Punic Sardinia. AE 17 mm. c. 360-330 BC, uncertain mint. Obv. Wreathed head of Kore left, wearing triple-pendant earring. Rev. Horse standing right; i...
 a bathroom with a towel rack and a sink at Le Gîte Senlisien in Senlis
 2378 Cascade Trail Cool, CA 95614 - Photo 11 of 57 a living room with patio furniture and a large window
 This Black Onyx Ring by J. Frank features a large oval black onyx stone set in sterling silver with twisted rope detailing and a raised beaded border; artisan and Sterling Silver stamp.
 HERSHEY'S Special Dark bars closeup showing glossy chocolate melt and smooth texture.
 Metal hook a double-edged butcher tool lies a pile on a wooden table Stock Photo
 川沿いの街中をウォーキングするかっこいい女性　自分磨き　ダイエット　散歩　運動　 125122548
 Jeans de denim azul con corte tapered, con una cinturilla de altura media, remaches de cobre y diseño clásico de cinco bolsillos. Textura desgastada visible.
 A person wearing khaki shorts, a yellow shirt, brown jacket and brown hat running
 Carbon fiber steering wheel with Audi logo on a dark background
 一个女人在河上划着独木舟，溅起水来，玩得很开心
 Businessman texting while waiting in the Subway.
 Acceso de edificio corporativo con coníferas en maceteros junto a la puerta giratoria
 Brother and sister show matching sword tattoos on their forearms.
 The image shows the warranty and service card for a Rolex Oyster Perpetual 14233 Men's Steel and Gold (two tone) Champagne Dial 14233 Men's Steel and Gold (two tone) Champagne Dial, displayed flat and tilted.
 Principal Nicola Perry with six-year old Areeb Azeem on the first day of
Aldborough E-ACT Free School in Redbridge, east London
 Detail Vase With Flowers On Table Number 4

_TRY IT_
Restate word for word the lines in the material above from the one with "Acceso de edificio" to the one with "Principal Nicola Perry"; both of those lines count, and nothing else does.

_RESPONSE FOR THIS EXERCISE_
 Acceso de edificio corporativo con coníferas en maceteros junto a la puerta giratoria
 Brother and sister show matching sword tattoos on their forearms.
 The image shows the warranty and service card for a Rolex Oyster Perpetual 14233 Men's Steel and Gold (two tone) Champagne Dial 14233 Men's Steel and Gold (two tone) Champagne Dial, displayed flat and tilted.
 Principal Nicola Perry with six-year old Areeb Azeem on the first day of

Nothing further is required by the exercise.